====== Records provided ======
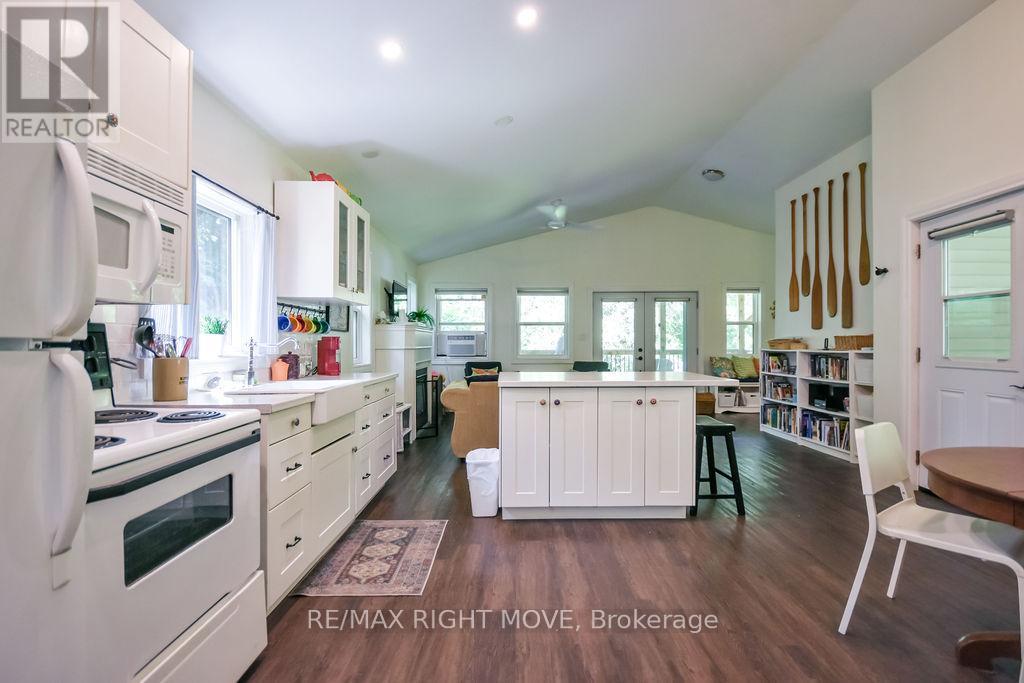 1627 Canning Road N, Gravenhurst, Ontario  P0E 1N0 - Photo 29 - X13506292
======
====== Records provided ======
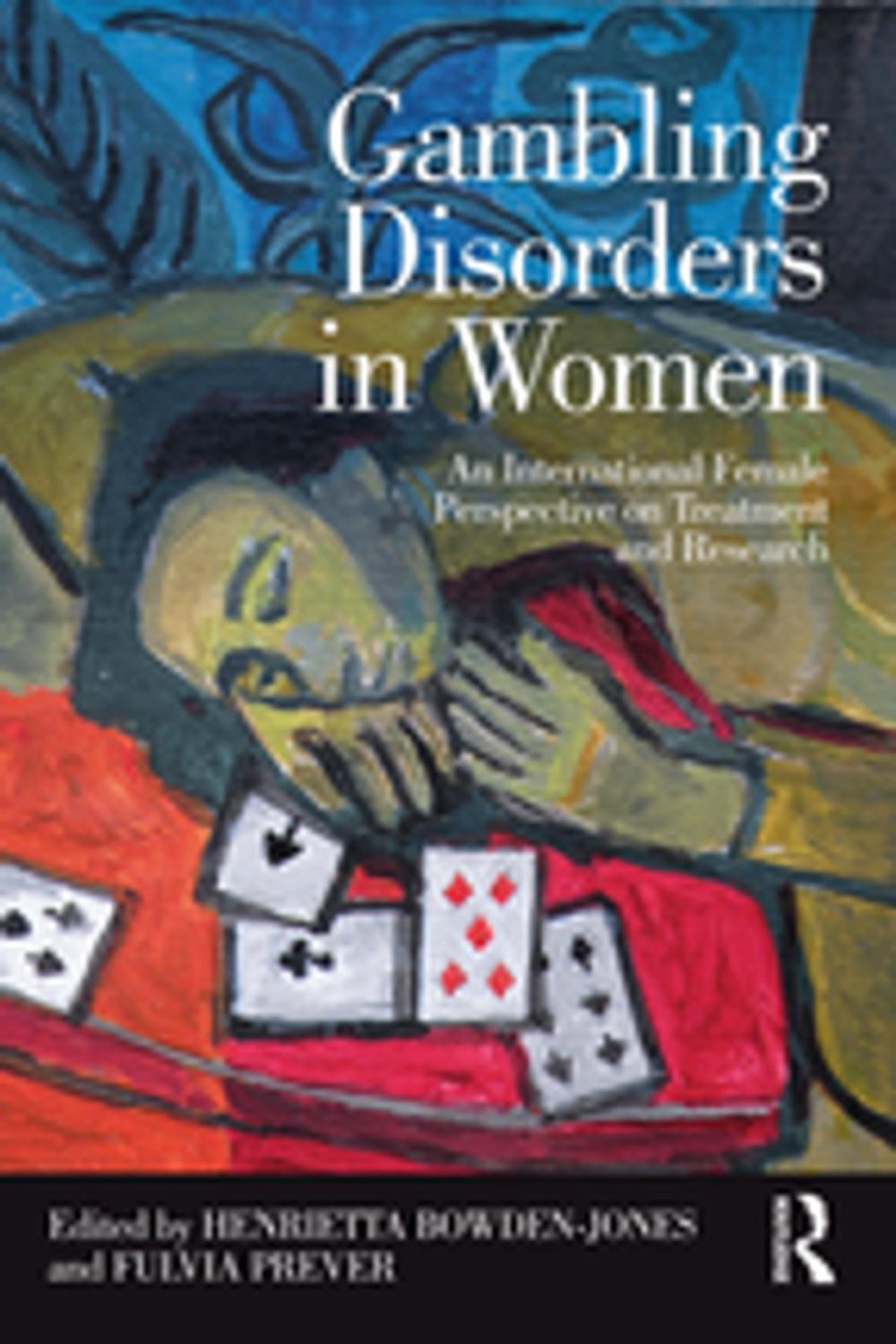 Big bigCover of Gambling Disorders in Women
======
====== Records provided ======
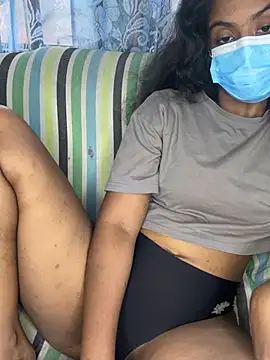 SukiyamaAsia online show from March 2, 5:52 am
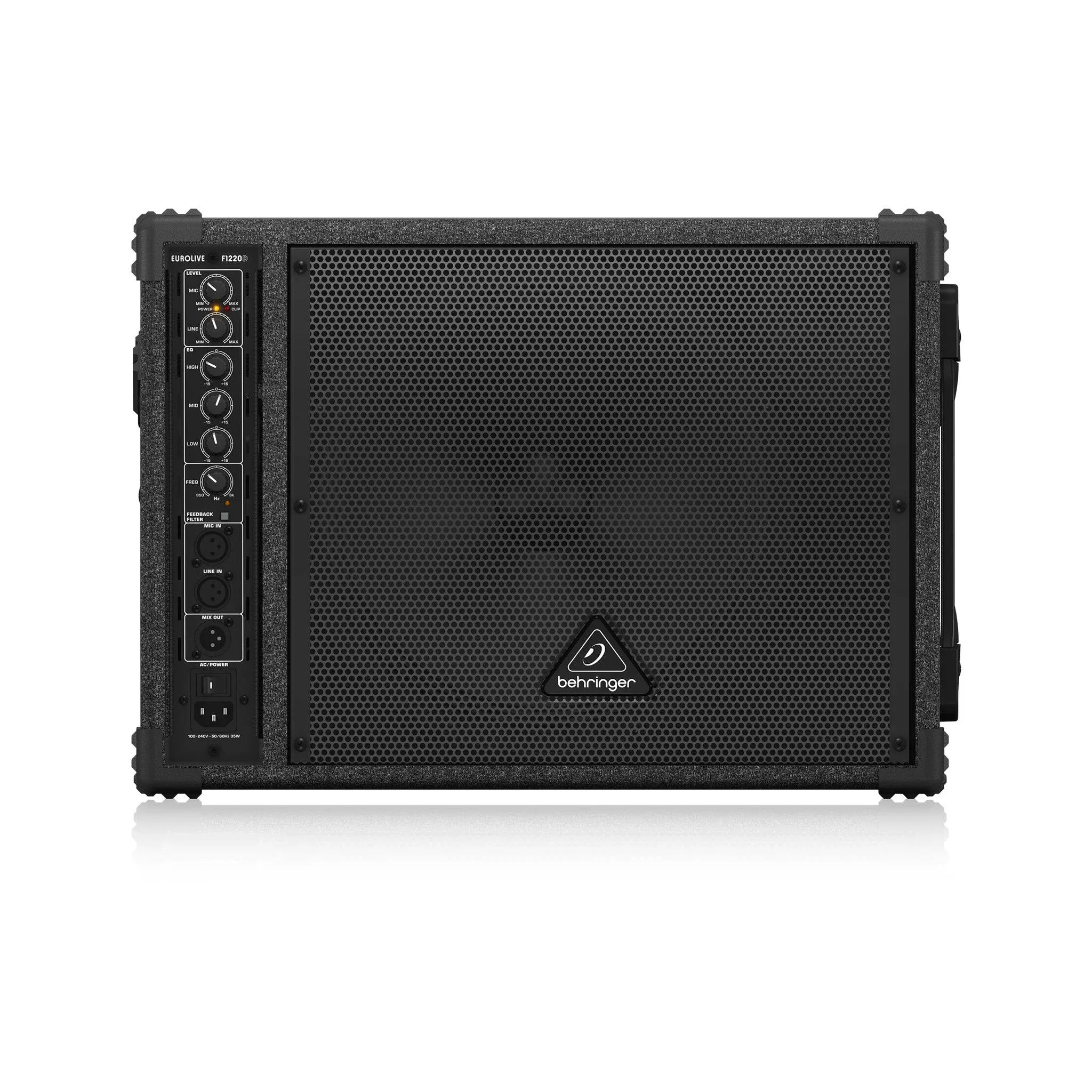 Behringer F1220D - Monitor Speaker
======
Work instructions
Set down again, word for word, every line from the one with "SukiyamaAsia online show" to the one with "Behringer F1220D - Monitor Speaker" in the entries above, and omit the pictures.

Answer box
 SukiyamaAsia online show from March 2, 5:52 am
 Behringer F1220D - Monitor Speaker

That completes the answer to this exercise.